FISG, una legacy organizzativa per il futuro degli sport del ghiaccio

Al termine dei Giochi Olimpici Invernali di Milano Cortina 2026, accanto ai record sportivi raccolti dalla Federghiaccio, un altro aspetto centrale da sottolineare è il contributo organizzativo offerto dalla FISG all’intero sistema dei Giochi, in piena sintonia con il lavoro svolto da MICO e da tutti i partner coinvolti, insieme ai quali si è sviluppata una sinergia efficace e positiva.

La Federazione ha messo a disposizione di MICO una parte rilevante della workforce necessaria per l’organizzazione dei diversi eventi olimpici, contribuendo in maniera concreta al funzionamento delle competizioni e alla qualità complessiva dell’esperienza sportiva.

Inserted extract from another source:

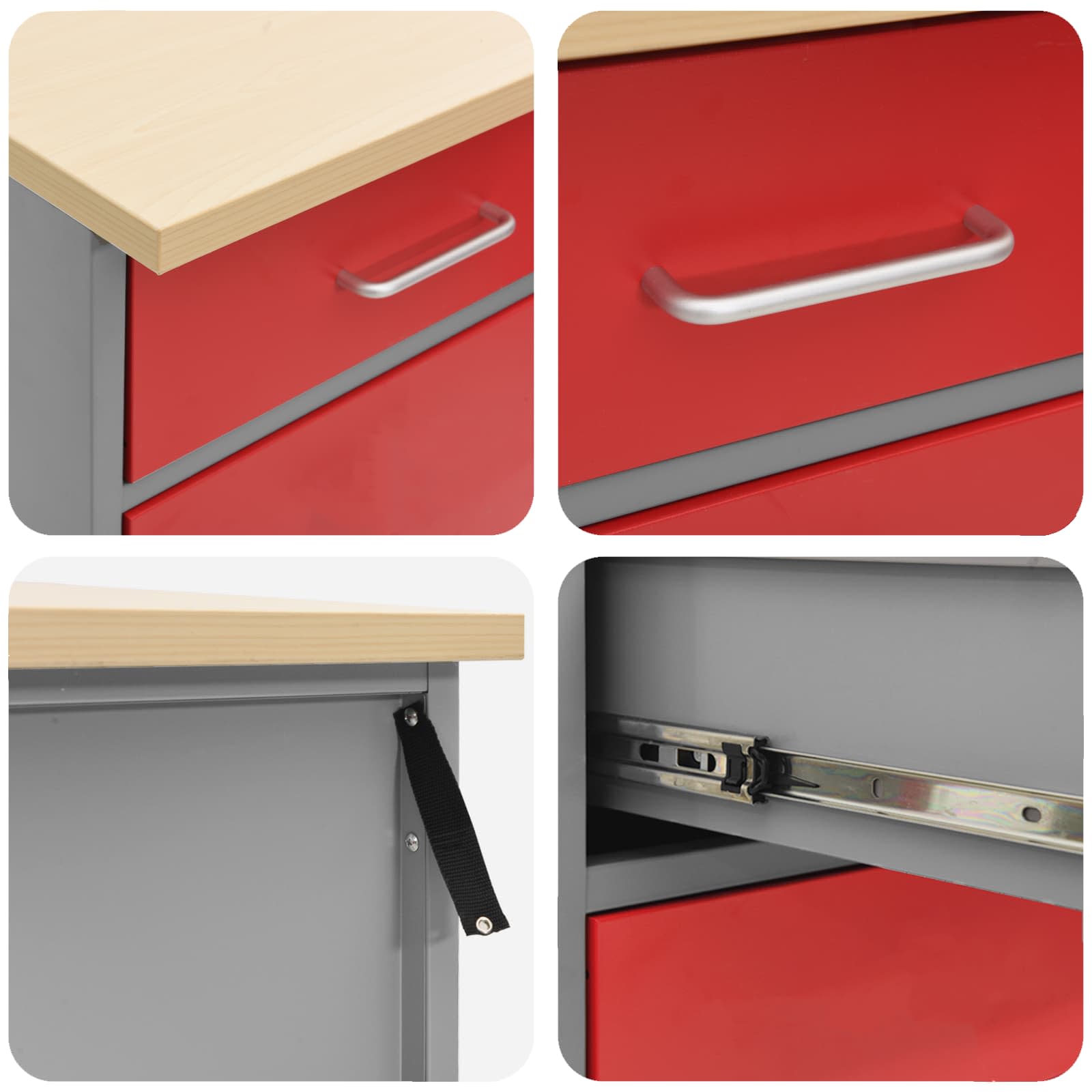 Arbeitsschrankset mit Schubladen mit Regal 5 stk. Rot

Si tratta di un impegno che va oltre il singolo evento e che rappresenta una vera e propria eredità dei Giochi.

In questi mesi FISG ha selezionato, assunto, formato e accompagnato centinaia di appassionati ed esperti degli sport del ghiaccio che, lavorando giorno dopo giorno a stretto contatto con MICO e con le Federazioni Internazionali, hanno potuto sviluppare e accrescere competenze organizzative e tecniche di altissimo livello.

Oggi questo capitale umano rappresenta un patrimonio prezioso per l’intero movimento sportivo italiano e, in particolare, per la nostra Federazione: le competenze acquisite, le relazioni internazionali acquisite e la capacità organizzativa maturata costituiranno una leva fondamentale per rafforzare il ruolo della Federazione nell’ospitare e promuovere grandi eventi sportivi internazionali, contribuendo allo sviluppo dell’intero sistema degli sport del ghiaccio in Italia.

I numeri testimoniano con chiarezza la portata di questo impegno: sono state contrattualizzate e convocate 446 persone tra Sport Manager (3, nelle discipline del pattinaggio artistico, velocità e para), Workforce (165, di cui 10 dipendenti federali) e NTO – National Technical Officials (277). Considerando i diversi settori sportivi, la Federazione ha messo a disposizione 69 risorse per il pattinaggio di figura, 146 per il pattinaggio di velocità, 190 per l’hockey su ghiaccio e 30 per il curling.

È, di fatto, un esercito di quasi 500 tecnici, ufficiali di gara, dirigenti e manager che hanno lavorato con professionalità, passione e spirito di servizio e a cui la FISG rivolge un ringraziamento sincero perché il successo organizzativo dei Giochi è passato anche dalla loro dedizione, spesso silenziosa ma determinante.

Questa esperienza non si esaurisce con la chiusura delle Olimpiadi ma, al contrario, rappresenta una base solida su cui costruire il futuro. Questa è, a tutti gli effetti, una delle legacy più importanti dei Giochi: un capitale umano formato sul campo, integrato con le migliori pratiche internazionali e pronto a mettere la propria esperienza al servizio dello sport e del Paese.